A Value is an 'Event Value', some piece of data that can be updated ('Set') by Producers and retrieved by Consumers.

type ValueWatch

type ValueWatch[T any] interface {
	// Watch retrieves a Watcher that keeps track on the version of the data
	// contained within the Value that was last seen by a consumer. Once a
	// Watcher is retrieved, it can be used to then get the actual data stored
	// within the Value, and to reliably retrieve updates to it without having
	// to poll for changes.
	Watch() Watcher[T]
}

ValueWatch is the read side of an 'Event Value', witch can by retrieved by Consumers by performing a Watch operation on it.

type Watcher

type Watcher[T any] interface {
	// Get blocks until a Value's data is available:
	//  - On first use of a Watcher, Get will return the data contained in the
	//    value at the time of calling .Watch(), or block if no data has been
	//    .Set() on it yet. If a value has been Set() since the initial
	//    creation of the Watch() but before Get() is called for the first
	//    time, the first Get() call will immediately return the new value.
	//  - On subsequent uses of a Watcher, Get will block until the given Value
	//    has been Set with new data. This does not necessarily mean that the
	//    new data is different - consumers should always perform their own
	//    checks on whether the update is relevant to them (ie., the data has
	//    changed in a significant way), unless specified otherwise by a Value
	//    publisher.
	//
	// Get() will always return the current newest data that has been Set() on
	// the Value, and not a full log of historical events. This is geared
	// towards event values where consumers only care about changes to data
	// since last retrieval, not every value that has been Set along the way.
	// Thus, consumers need not make sure that they actively .Get() on a
	// watcher all the times.
	//
	// If the context is canceled before data is available to be returned, the
	// context's error will be returned. However, the Watcher will still need to be
	// Closed, as it is still fully functional after the context has been canceled.
	//
	// Concurrent requests to Get result in an error. The reasoning to return
	// an error instead of attempting to serialize the requests is that any
	// concurrent access from multiple goroutines would cause a desync in the
	// next usage of the Watcher. For example:
	//   1) w.Get() (in G0) and w.Get(G1) start. They both block waiting for an
	//      initial value.
	//   2) v.Set(0)
	//   3) w.Get() in G0 returns 0,
	//   4) v.Set(1)
	//   4) w.Get() in G1 returns 1,
	// This would cause G0 and G1 to become desynchronized between eachother
	// (both have different value data) and subsequent updates will also
	// continue skipping some updates.
	// If multiple goroutines need to access the Value, they should each use
	// their own Watcher.
	Get(context.Context, ...GetOption[T]) (T, error)

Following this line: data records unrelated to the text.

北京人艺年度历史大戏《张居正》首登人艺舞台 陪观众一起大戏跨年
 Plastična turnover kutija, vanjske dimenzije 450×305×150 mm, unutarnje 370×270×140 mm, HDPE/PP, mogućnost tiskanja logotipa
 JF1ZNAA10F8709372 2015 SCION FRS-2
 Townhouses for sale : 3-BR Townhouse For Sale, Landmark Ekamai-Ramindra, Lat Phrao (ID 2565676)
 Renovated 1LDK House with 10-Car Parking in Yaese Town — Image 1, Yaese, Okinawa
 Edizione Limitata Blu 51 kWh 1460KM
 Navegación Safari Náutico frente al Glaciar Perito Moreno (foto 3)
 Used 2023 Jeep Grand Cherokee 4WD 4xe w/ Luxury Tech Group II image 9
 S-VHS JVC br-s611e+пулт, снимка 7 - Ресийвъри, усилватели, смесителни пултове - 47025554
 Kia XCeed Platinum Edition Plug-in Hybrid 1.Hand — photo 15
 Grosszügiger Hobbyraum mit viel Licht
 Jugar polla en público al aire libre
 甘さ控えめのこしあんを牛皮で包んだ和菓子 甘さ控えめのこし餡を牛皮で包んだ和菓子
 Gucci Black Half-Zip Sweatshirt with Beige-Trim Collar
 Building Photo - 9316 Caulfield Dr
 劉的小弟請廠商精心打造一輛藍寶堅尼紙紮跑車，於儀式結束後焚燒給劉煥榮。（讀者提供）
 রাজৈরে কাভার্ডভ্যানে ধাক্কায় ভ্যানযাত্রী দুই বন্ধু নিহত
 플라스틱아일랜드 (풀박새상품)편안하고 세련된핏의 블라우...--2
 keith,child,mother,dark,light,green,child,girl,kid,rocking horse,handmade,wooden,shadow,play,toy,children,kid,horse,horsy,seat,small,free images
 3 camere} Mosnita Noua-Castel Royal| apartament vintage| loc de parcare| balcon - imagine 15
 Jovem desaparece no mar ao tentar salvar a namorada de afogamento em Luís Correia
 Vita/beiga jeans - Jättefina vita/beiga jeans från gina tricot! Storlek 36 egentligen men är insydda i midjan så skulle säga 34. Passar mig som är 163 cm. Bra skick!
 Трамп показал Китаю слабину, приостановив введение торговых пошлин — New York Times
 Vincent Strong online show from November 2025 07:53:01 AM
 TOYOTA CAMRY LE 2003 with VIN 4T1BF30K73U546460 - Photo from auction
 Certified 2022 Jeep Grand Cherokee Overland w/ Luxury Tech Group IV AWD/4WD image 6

	// Close must be called if the Watcher is not going to be used anymore -
	// otherwise, it will not be garbage collected.
	Close() error
}

A Watcher keeps track of the last version of data seen by a consumer for a given Value. Each consumer should use an own Watcher instance, and it is not safe to use this type concurrently. However, it is safe to move/copy it across different goroutines, as long as no two goroutines access it simultaneously.